Foreign funds top list for majority stake in ARCs

As per existing regulations, while foreign sponsors are allowed 100% ownership of an Indian ARC through the FIPB approval route, no single foreign shareholder can own more than 50%

By: | Mumbai | Updated: March 3, 2016 11:30 AM
Asset Reconstruction Companies (ARCs) were formed after the enactment of the SARFAESI Act in 2002 but business for most has dwindled after banks under RBI instructions have stopped subscribing to Security Receipts (SR), as a way to offload their NPAs. (Reuters) Asset Reconstruction Companies (ARCs) were formed after the enactment of the SARFAESI Act in 2002 but business for most has dwindled after banks under RBI instructions have stopped subscribing to Security Receipts (SR), as a way to offload their NPAs. (Reuters)

Asset Reconstruction Companies are likely to see their capital base go up manifold with the easing of foreign ownership norms announced in the Union Budget as several global funds are expected to acquire majority stakes once the changes in the regulations become effective.

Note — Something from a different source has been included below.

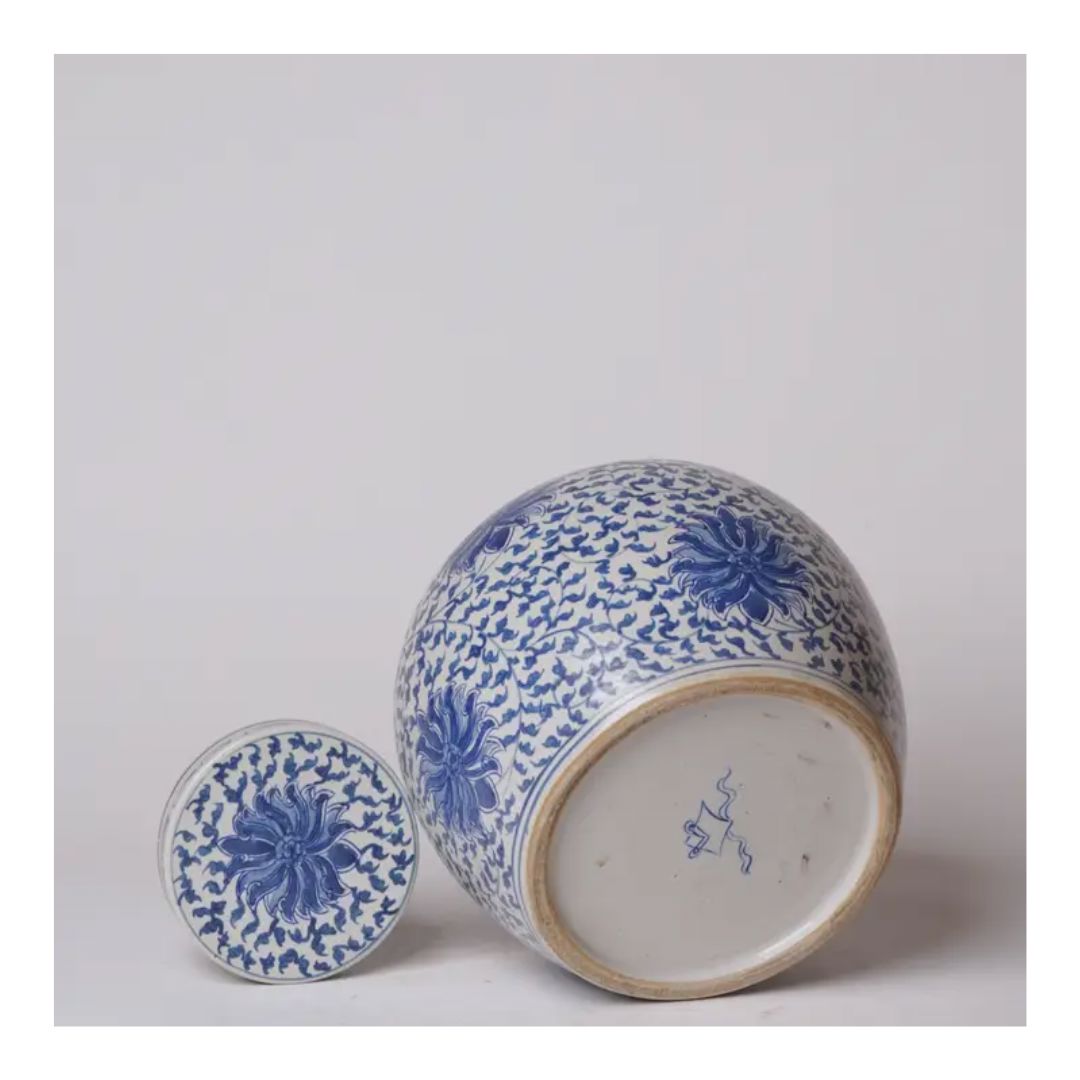 Blue and White Porcelain Scrolling Lotus Round Lidded Jar Vases, Planters & Jars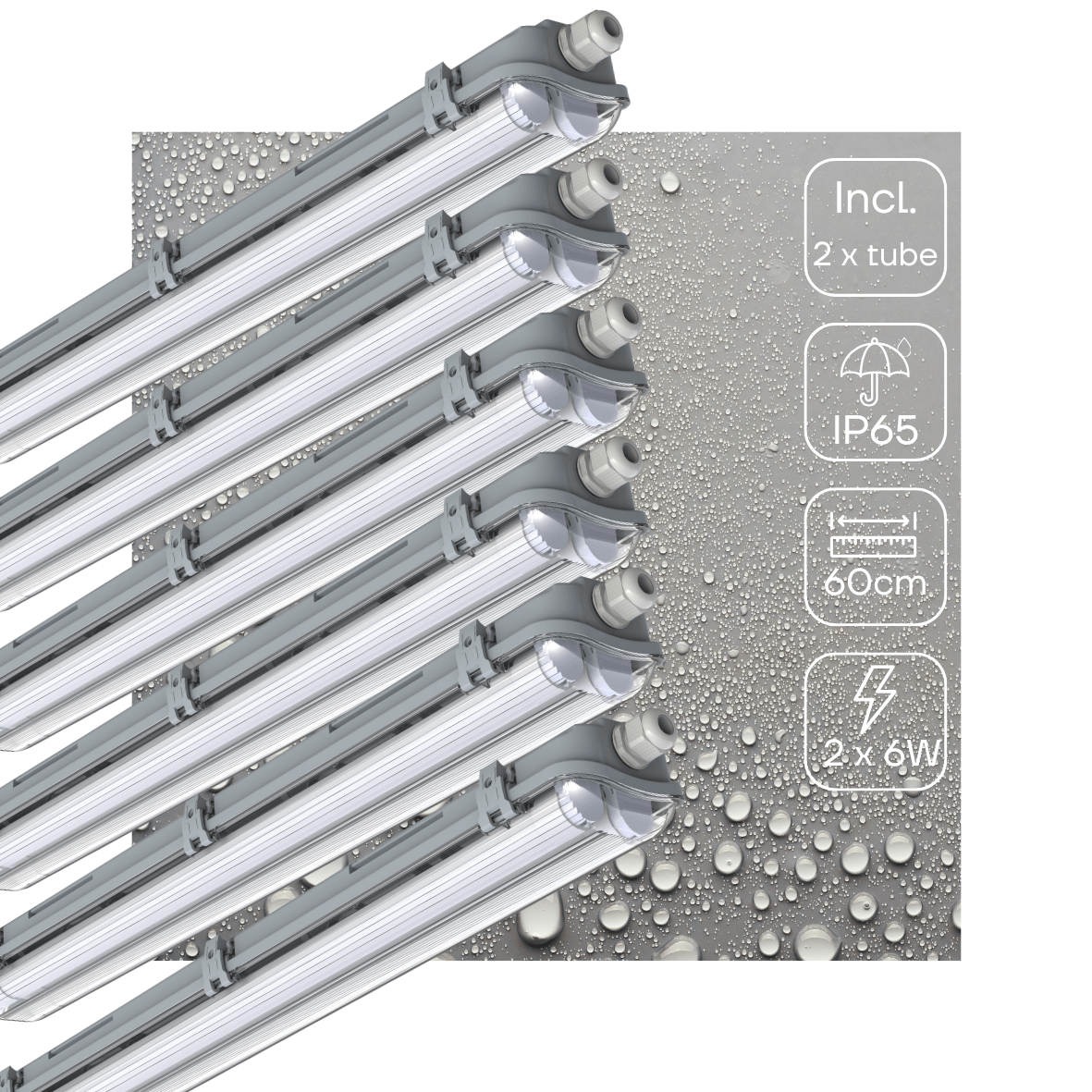 6 PACK - LED's Light Dubbele LED TL lamp 60 cm - compleet met LED buizen - Binnen en buiten - 2200 lm - 2x6W - 4000K - 185lm/w - Energielabel B LED.nl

Industry sources say that large stressed asset funds like Oak Tree Capital, Blackstone, Lone Star Funds and Brookfield Asset Management are the likely contenders to buy majority stakes in Indian ARCs since they have explored similar options in the past but haven’t invested yet.

As per existing regulations, while foreign sponsors are allowed 100% ownership of an Indian ARC through the FIPB approval route, no single foreign shareholder can own more than 50%; which is something the foreign funds have not been comfortable with, given the risks involved. While globally investing in ARCs have not been very popular with funds because they tend to pose difficulty in returning capital to shareholders but things could be different in India. In January, this year global buyout fund KKR along with Bharti Group veteran Akhil Gupta picked up a majority in International Asset Reconstruction Co (IARC), which was set up by Tata Capital and HDFC Bank in 2002. Post the new regulations, KKR is expected to increase its stake significantly, sources said.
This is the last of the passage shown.